Most modern programming languages use static (also called “lexical”) scope rules for associating uses of identifiers, or variables, with their declarations. In a statically scoped language, the scope of a variable is fixed at compile time to some region in the source code containing the variable's declaration. This means that an identifier is only accessible within that region, including procedures declared within the region. Static scoping has been widely implemented because it is easy for programmers to use, helps catch errors at compile time, and because it can be implemented efficiently.
Another type of variable scoping is dynamic scope. Using dynamic scope the scope of the variable depends on the nesting of procedure and function calls at run time. While most modern languages use static scope, some popular languages, including PERL, TCL, TEX, and POSTSCRIPT, offer dynamic scope because it is useful in certain situations. For instance, dynamic scope is particularly useful in applications and libraries that operate in a customizable environment. Full-featured graphical user interface (“GUI”) packages are good examples. These packages support a plethora of style and presentation features that must be programmed in some way. Even many non-GUI applications have some of these characteristics that make dynamic variables useful. For example, compilers often have options that permit clients to specify target machines, compiler passes, linker options, and other features. Moreover, compilers in integrated development environments typically have more options because their clients are other programs. Dynamically scoped variables make access to these features and options very easy.

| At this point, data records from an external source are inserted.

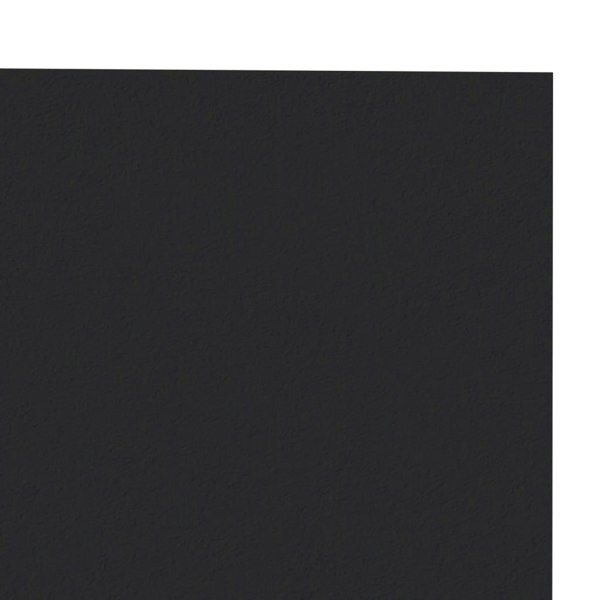 Berkfield Side Table Black 40x30x59 cm Engineered Wood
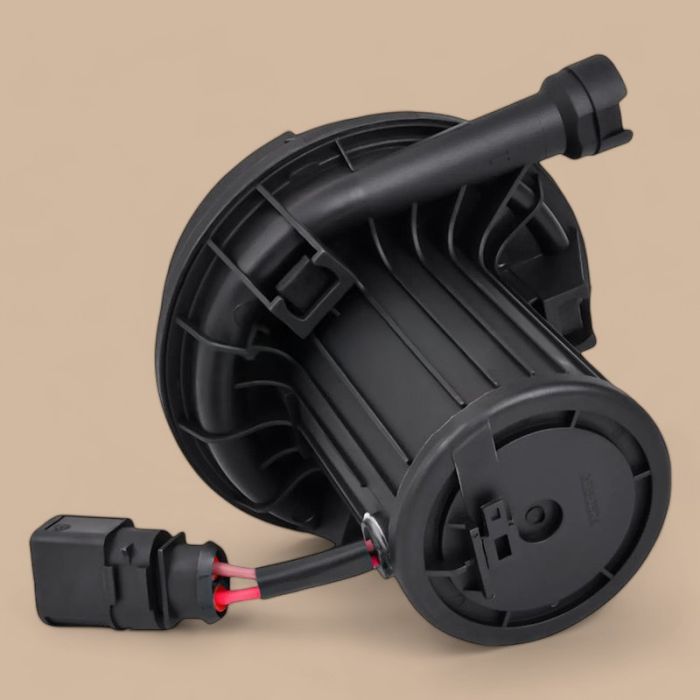 VolksWagen Secondary Air Injection Smog Pump 06A959253A Compatible for VolksWagen Beetle Cabrio Golf Passat Touareg 3.2L 4.2L Audi 3.0L 2.8L Engine A4 A6 A8 Q7 TT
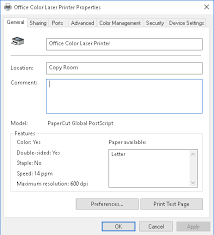 How To Access Printer Web Page Through Wsd Port. – Qnet88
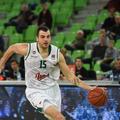 Sava Lešić, Union Olimpija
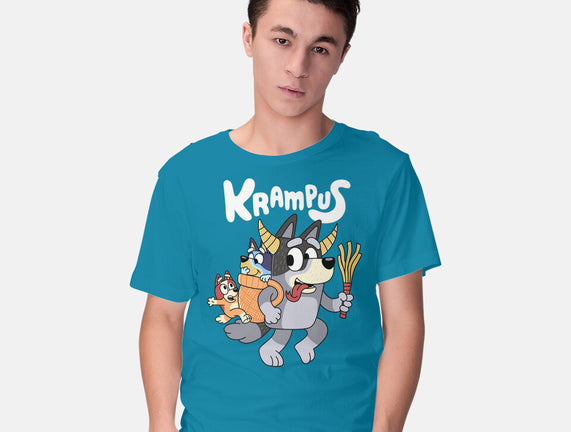 Krampus Bluey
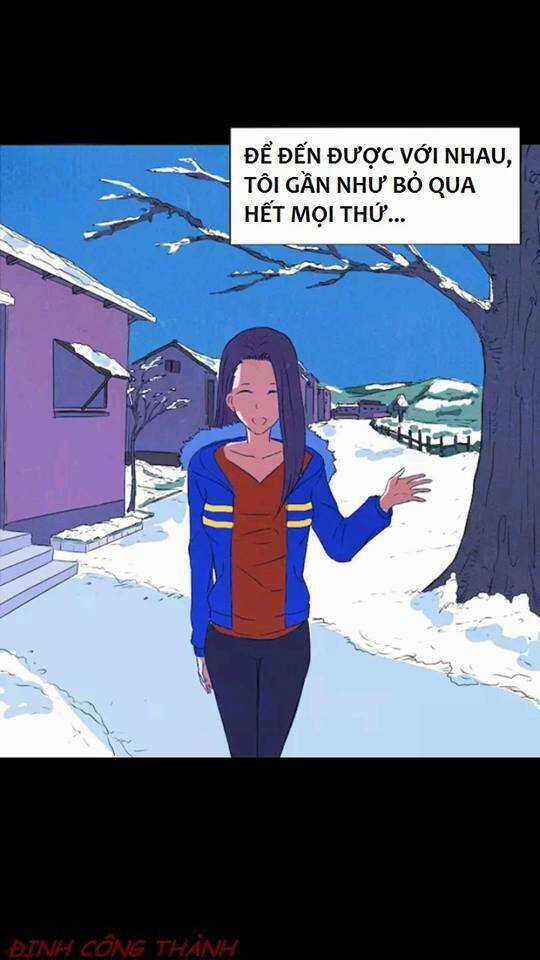 Nói Dối - Chapter 1 - Trang 8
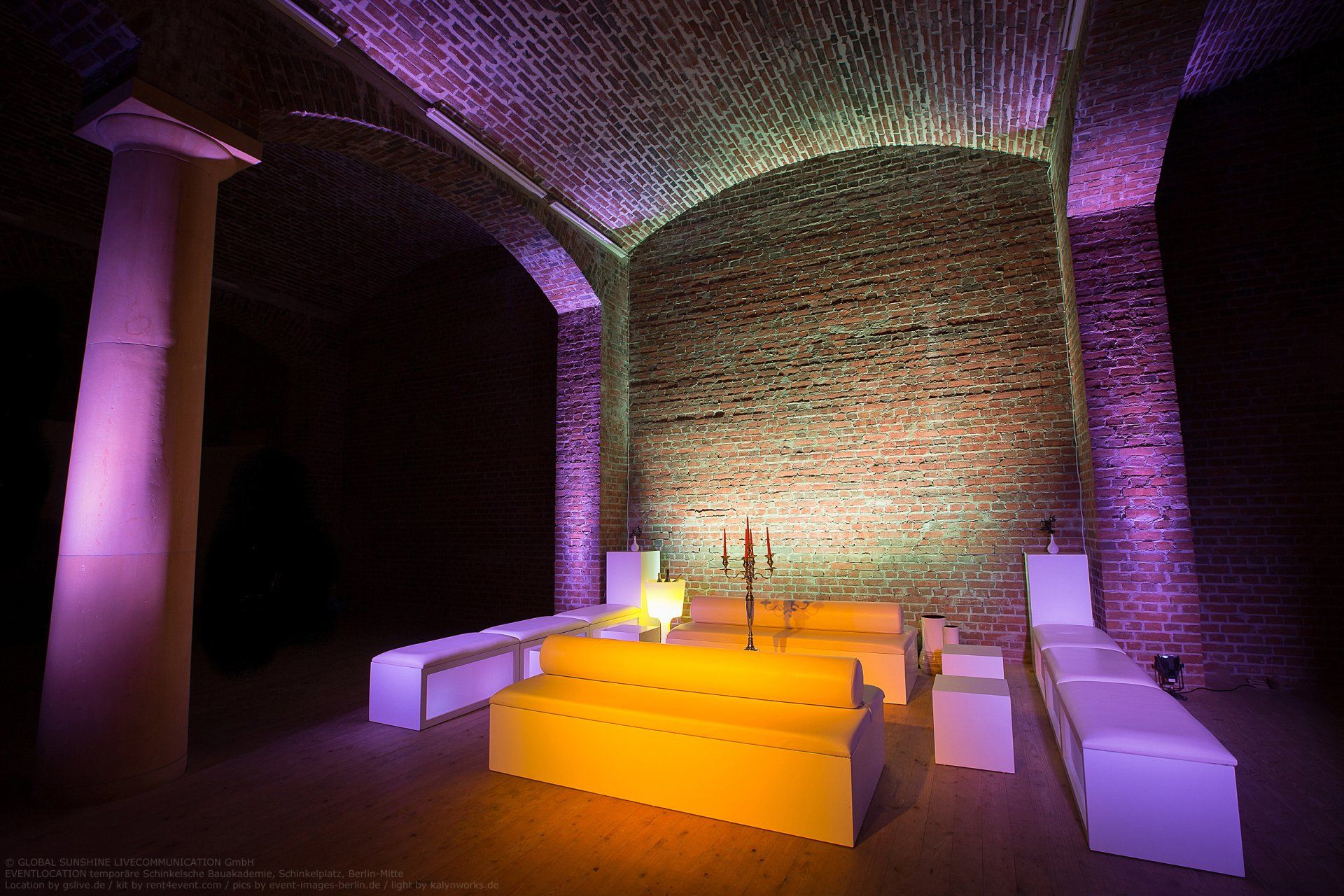FLORIS Partner Location Bauakademie Berlin
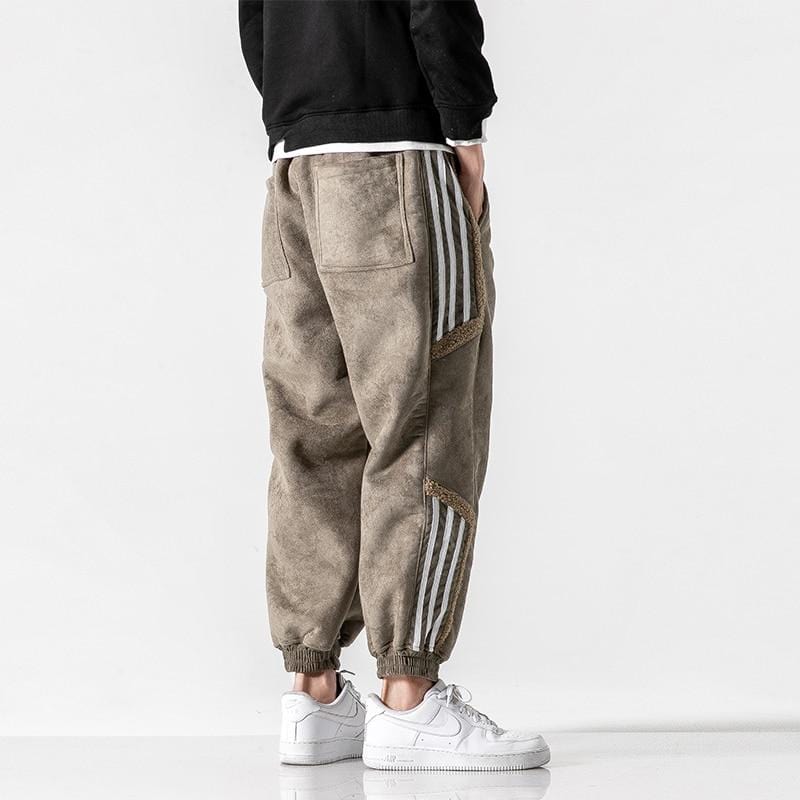 Mason | Soft Stylish Fleece Lined Pants for Women 3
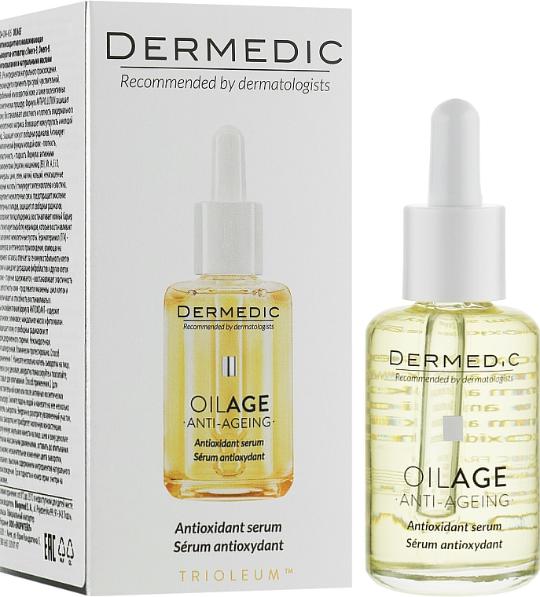 Dermedic Oilage Serum ,30ml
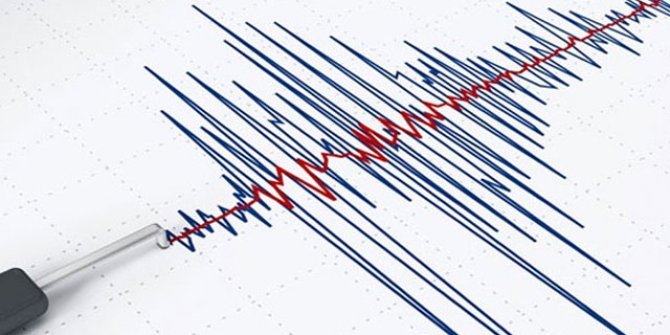 Çankırı'da korkutan deprem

Without inherent support within a programming language for dynamically scoped variables, such as within a statically scoped language, programming these kinds of features must be done explicitly in terms of the implementation language. Therefore, programmers typically simulate dynamic scope to implement these kinds of features in statically scoped languages. Usually, objects are loaded up with fields or methods that implement these features, or methods and functions are utilized that have a large number of parameters. In extreme cases, programmers move the many fields or parameters into an object, which is passed as a parameter nearly everywhere. Methods are called to read, write, save, and restore these data.
While programming dynamically scoped variables explicitly in a statically scoped programming language provides some of the benefits of dynamic scoping, this approach is not without its drawbacks. In particular, many of these implementations are unstructured, often not type-safe and inefficient in many cases. Moreover, this approach is not easy to use in that it requires that a programmer to explicitly create support for dynamically scoped variables themselves. Additionally, the use of objects with a large number of parameters can be confusing for programmers to use.
Therefore, in light of the above, there is a need for a method and apparatus for providing language constructs for introducing and referencing dynamically scoped variables within an otherwise statically scoped programming language.